[Opening Source material section]
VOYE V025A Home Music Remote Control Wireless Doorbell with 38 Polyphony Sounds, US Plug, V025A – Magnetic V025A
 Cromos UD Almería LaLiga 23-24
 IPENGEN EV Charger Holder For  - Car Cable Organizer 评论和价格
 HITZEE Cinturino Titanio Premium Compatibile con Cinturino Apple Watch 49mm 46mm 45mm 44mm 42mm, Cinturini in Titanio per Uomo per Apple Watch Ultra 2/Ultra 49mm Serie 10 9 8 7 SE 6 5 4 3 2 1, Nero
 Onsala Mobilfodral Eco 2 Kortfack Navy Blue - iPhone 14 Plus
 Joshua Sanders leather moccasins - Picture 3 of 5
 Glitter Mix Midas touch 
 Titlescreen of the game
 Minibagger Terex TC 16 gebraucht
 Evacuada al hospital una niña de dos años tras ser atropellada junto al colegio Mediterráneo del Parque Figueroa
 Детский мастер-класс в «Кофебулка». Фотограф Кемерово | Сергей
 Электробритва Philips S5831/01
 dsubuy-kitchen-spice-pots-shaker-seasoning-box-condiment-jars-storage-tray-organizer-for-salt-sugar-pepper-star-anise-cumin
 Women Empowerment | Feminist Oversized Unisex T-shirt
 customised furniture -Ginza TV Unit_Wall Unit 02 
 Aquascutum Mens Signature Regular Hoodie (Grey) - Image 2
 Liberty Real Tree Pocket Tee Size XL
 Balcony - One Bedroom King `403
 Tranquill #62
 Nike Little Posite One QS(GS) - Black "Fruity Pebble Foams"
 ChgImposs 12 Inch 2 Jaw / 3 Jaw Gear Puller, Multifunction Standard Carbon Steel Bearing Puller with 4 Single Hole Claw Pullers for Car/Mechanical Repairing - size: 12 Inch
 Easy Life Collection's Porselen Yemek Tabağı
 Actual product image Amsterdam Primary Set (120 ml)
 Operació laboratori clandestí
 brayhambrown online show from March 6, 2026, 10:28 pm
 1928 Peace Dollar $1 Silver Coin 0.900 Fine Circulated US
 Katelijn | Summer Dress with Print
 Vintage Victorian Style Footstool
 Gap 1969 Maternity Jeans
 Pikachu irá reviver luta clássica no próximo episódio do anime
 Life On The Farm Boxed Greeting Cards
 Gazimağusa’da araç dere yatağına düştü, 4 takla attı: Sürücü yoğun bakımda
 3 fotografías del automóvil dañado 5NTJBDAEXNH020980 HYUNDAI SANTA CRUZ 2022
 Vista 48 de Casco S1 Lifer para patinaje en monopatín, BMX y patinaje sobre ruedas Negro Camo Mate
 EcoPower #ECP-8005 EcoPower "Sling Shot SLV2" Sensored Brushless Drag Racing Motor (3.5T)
[Closing Source material section]
Exercise directions:
For this exercise, please output exactly the lines above starting at the line with "Vintage Victorian Style Footstool" and ending at the line with "Vista 48 de", ends included.

Your solution:
 Vintage Victorian Style Footstool
 Gap 1969 Maternity Jeans
 Pikachu irá reviver luta clássica no próximo episódio do anime
 Life On The Farm Boxed Greeting Cards
 Gazimağusa’da araç dere yatağına düştü, 4 takla attı: Sürücü yoğun bakımda
 3 fotografías del automóvil dañado 5NTJBDAEXNH020980 HYUNDAI SANTA CRUZ 2022
 Vista 48 de Casco S1 Lifer para patinaje en monopatín, BMX y patinaje sobre ruedas Negro Camo Mate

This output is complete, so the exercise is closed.